WHAT YOU ARE ASKED TO DO: Go to the line holding "DASTOLL Stained Glass" in the data below and repeat it exactly, then each line after it up to and including the one holding "Eco Living Havanna". Omit pictures.

INPUT DATA:
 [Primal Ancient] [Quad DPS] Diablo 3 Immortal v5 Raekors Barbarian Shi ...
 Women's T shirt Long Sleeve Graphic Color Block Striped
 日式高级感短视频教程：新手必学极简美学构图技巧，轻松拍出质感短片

* * *

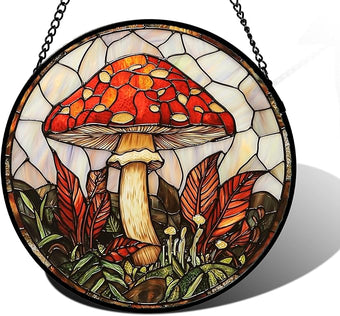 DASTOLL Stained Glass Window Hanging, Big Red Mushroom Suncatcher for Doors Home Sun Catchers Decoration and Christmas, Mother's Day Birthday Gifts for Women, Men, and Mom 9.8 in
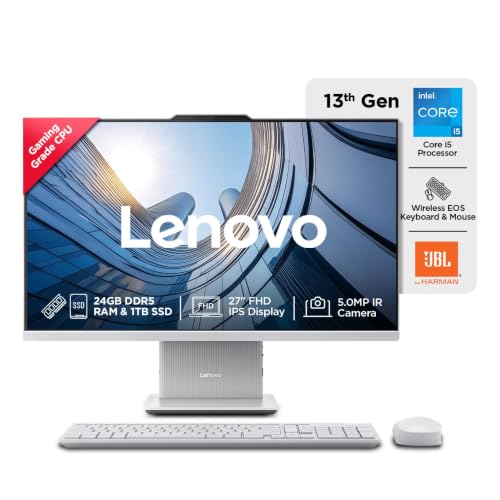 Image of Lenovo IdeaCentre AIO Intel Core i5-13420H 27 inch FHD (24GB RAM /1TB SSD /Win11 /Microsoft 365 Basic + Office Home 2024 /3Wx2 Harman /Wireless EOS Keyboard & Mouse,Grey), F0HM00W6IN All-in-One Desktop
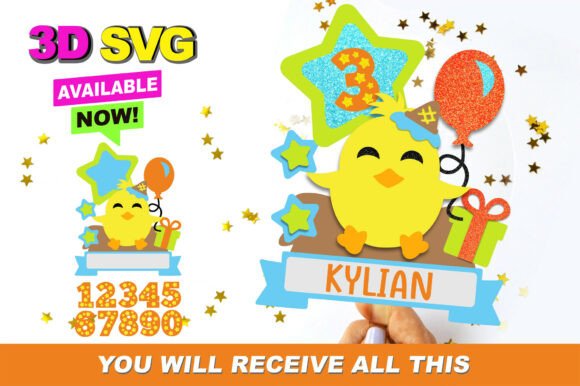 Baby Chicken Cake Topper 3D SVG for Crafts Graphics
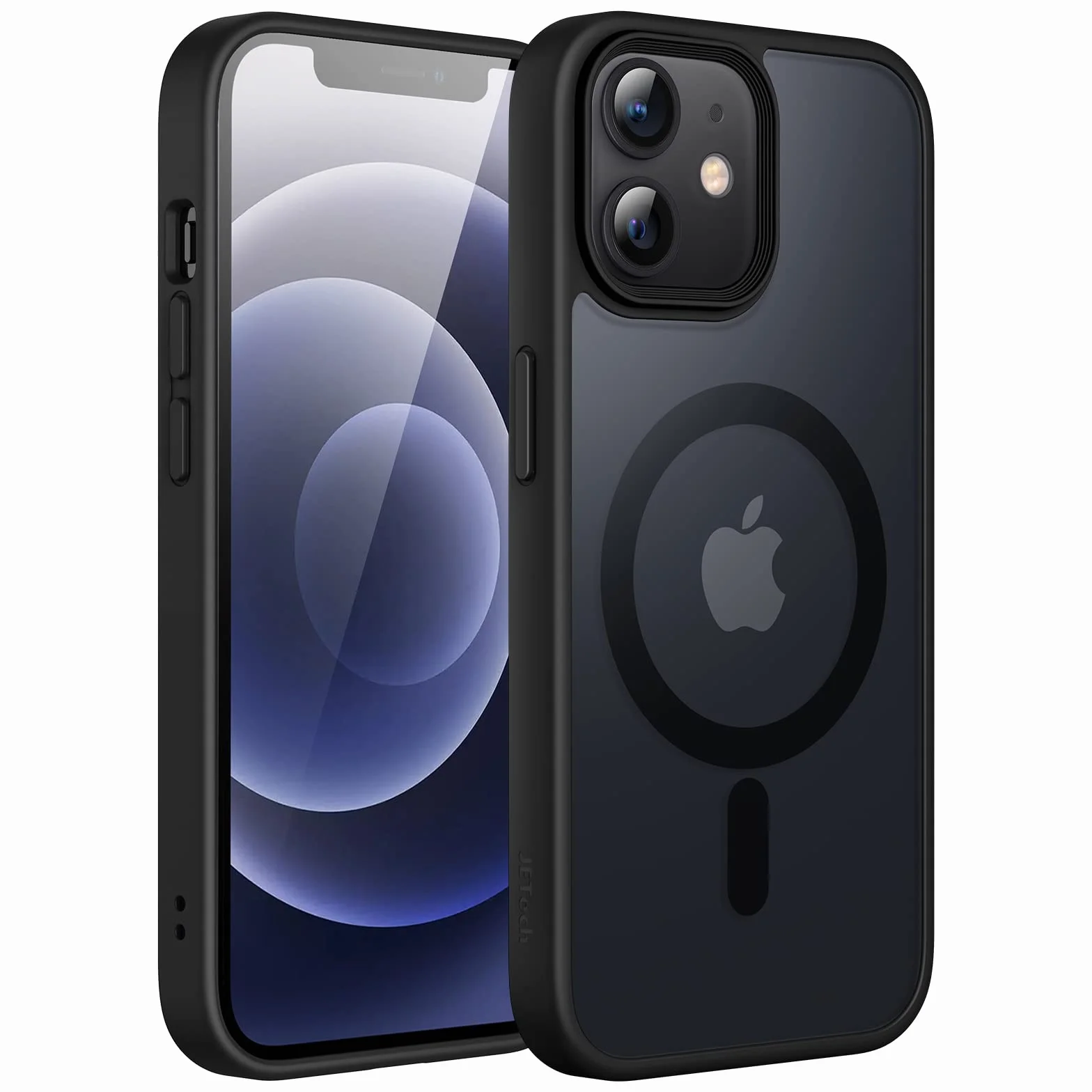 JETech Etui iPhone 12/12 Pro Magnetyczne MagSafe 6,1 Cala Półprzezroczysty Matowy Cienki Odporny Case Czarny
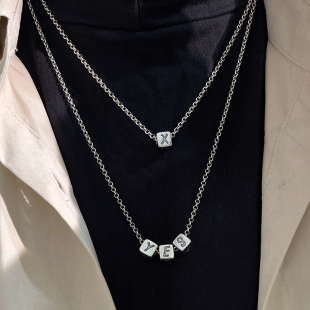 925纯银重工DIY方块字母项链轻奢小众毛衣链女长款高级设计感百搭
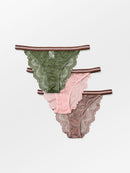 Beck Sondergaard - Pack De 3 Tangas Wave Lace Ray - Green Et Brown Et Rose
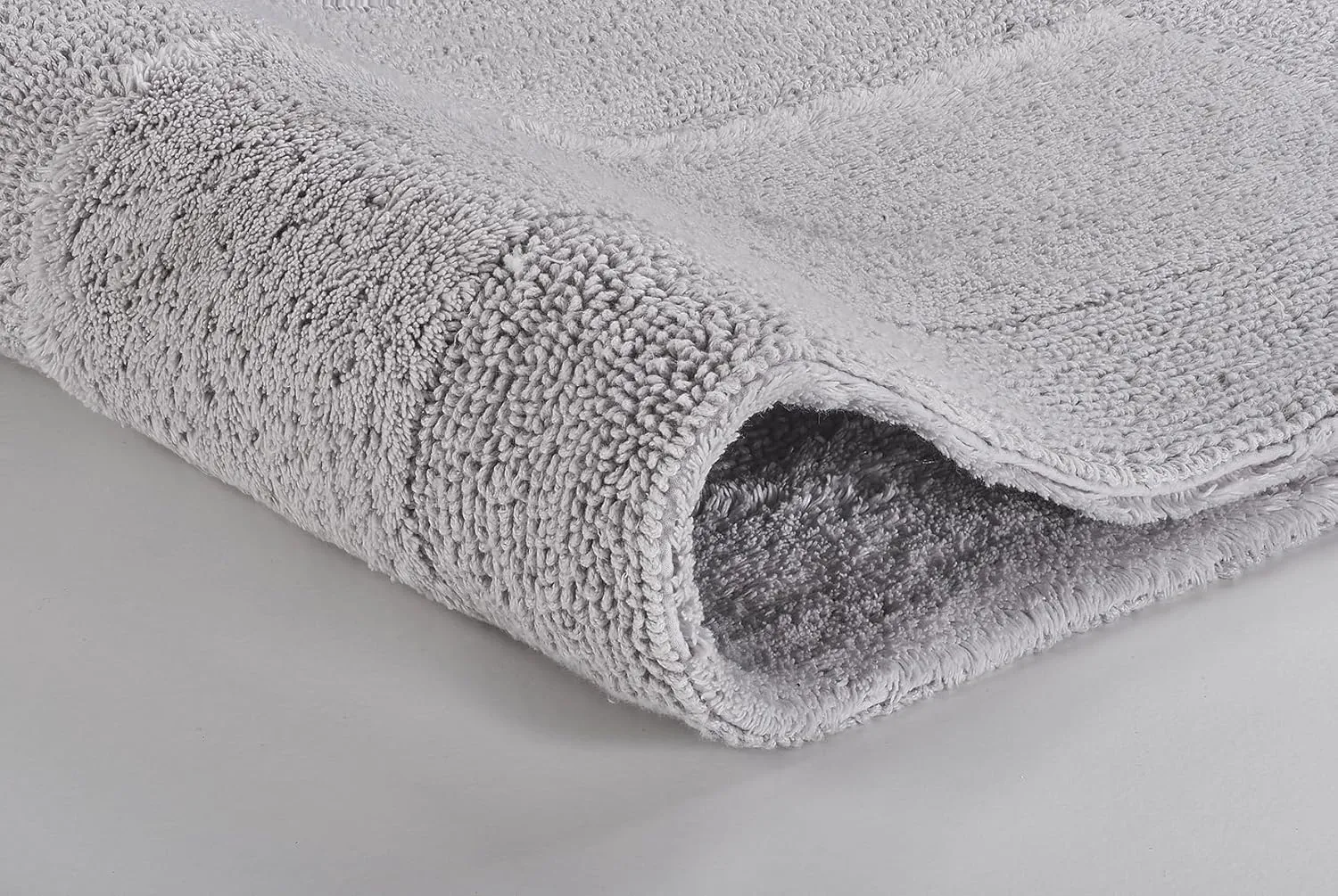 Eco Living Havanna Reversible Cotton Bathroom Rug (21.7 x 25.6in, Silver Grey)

TASK RESULT:
 DASTOLL Stained Glass Window Hanging, Big Red Mushroom Suncatcher for Doors Home Sun Catchers Decoration and Christmas, Mother's Day Birthday Gifts for Women, Men, and Mom 9.8 in
 Image of Lenovo IdeaCentre AIO Intel Core i5-13420H 27 inch FHD (24GB RAM /1TB SSD /Win11 /Microsoft 365 Basic + Office Home 2024 /3Wx2 Harman /Wireless EOS Keyboard & Mouse,Grey), F0HM00W6IN All-in-One Desktop
 Baby Chicken Cake Topper 3D SVG for Crafts Graphics
 JETech Etui iPhone 12/12 Pro Magnetyczne MagSafe 6,1 Cala Półprzezroczysty Matowy Cienki Odporny Case Czarny
 925纯银重工DIY方块字母项链轻奢小众毛衣链女长款高级设计感百搭
 Beck Sondergaard - Pack De 3 Tangas Wave Lace Ray - Green Et Brown Et Rose
 Eco Living Havanna Reversible Cotton Bathroom Rug (21.7 x 25.6in, Silver Grey)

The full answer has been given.